■ YOUR INSTRUCTIONS ■
From the listing below, reproduce exactly the lines starting with the one with "A box sign with" and going on through the one with "New pink and", both ends kept. No picture is copied.

**** RECORD SET

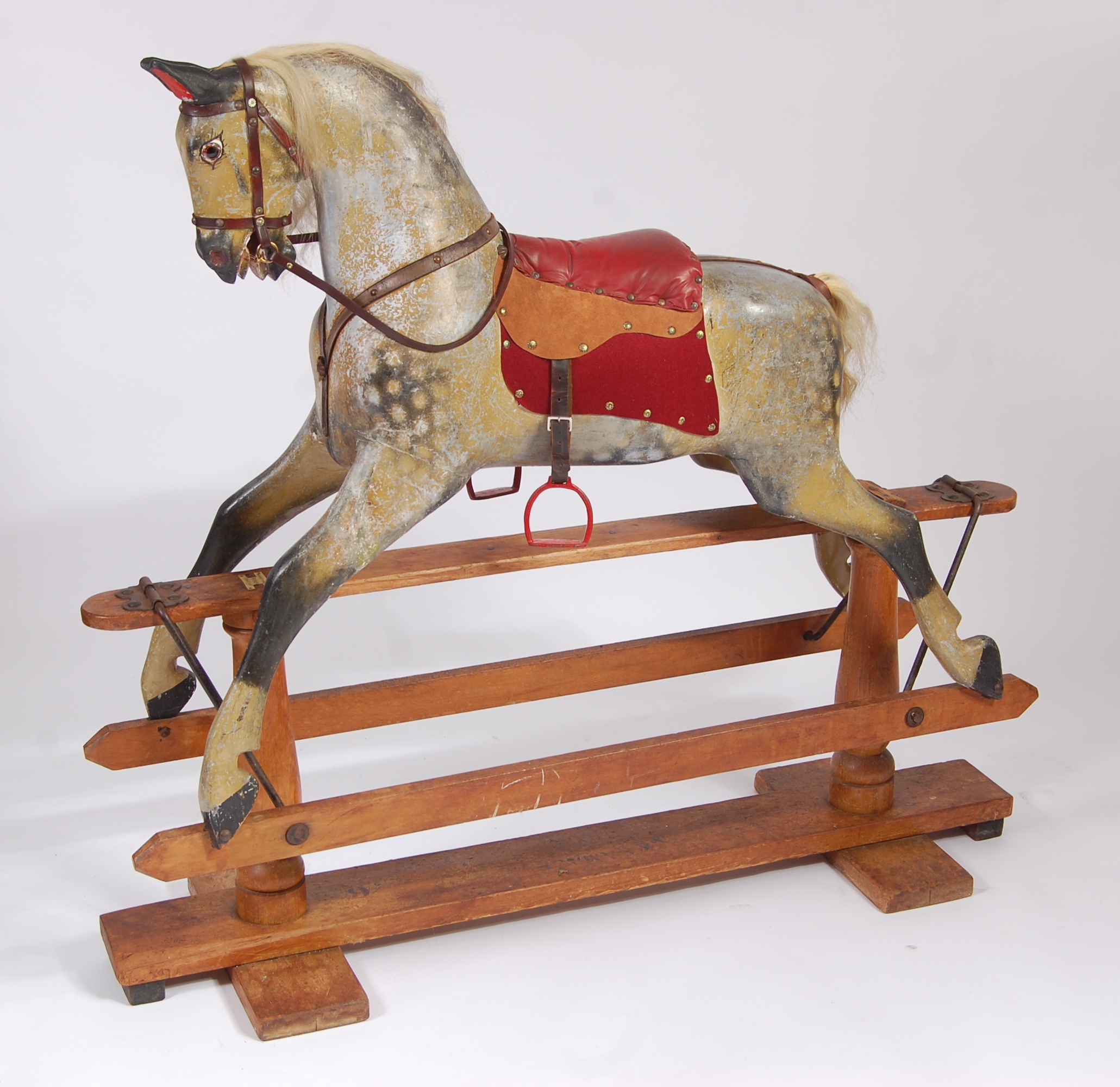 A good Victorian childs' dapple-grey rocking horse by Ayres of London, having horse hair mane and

********
**** RECORD SET

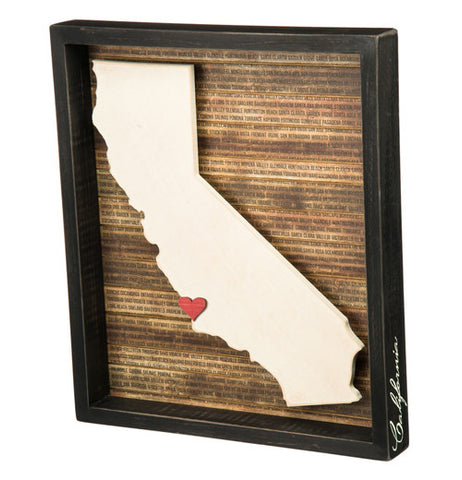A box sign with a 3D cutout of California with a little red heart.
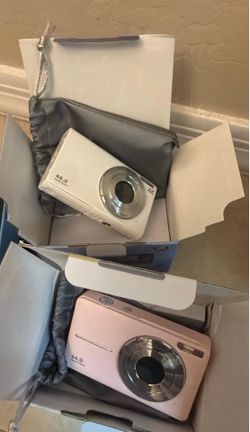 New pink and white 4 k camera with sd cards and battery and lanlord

********
**** RECORD SET

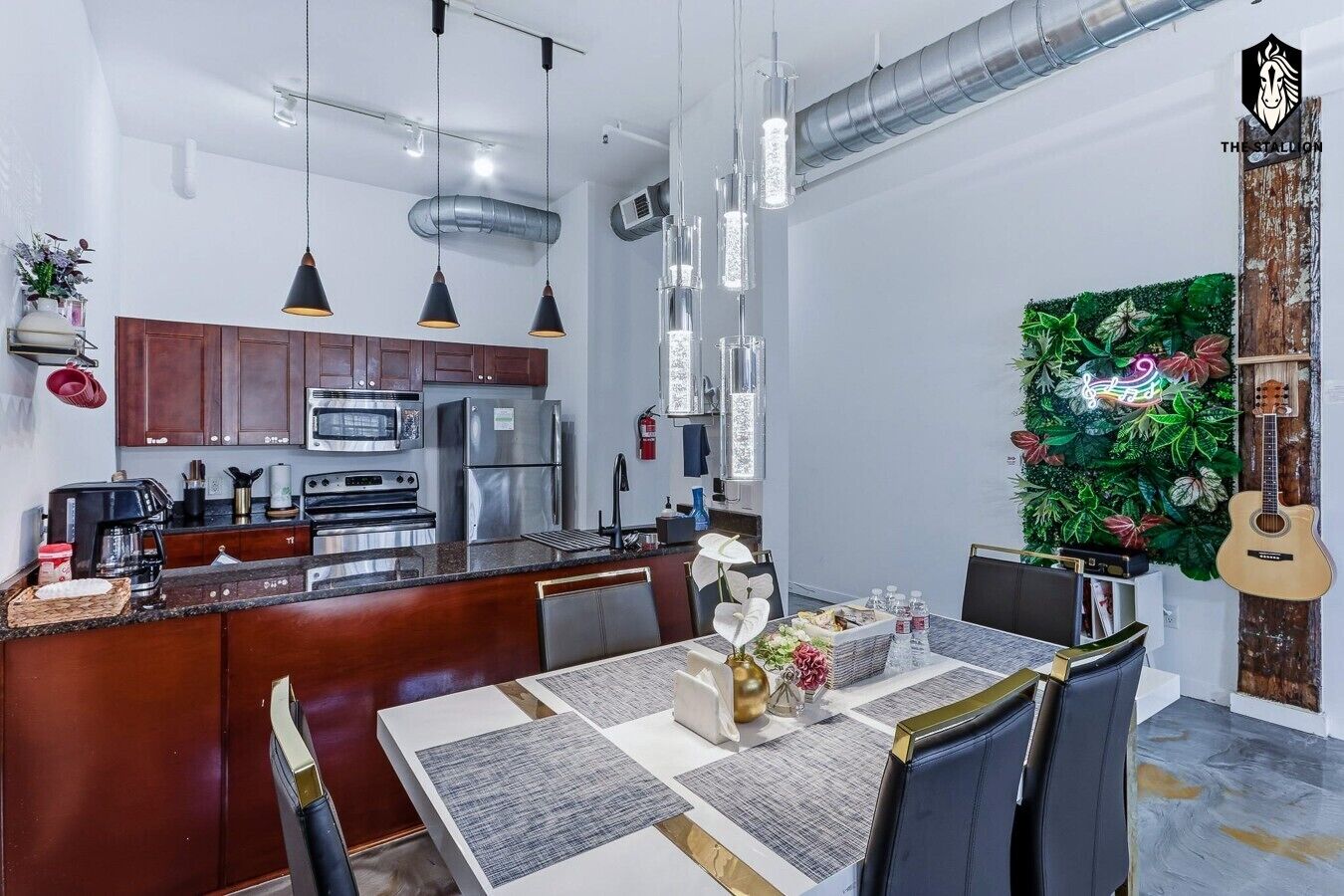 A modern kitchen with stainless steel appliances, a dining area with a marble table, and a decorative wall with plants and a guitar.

********

■ REPLY TO THE EXERCISE ■
A box sign with a 3D cutout of California with a little red heart.
 New pink and white 4 k camera with sd cards and battery and lanlord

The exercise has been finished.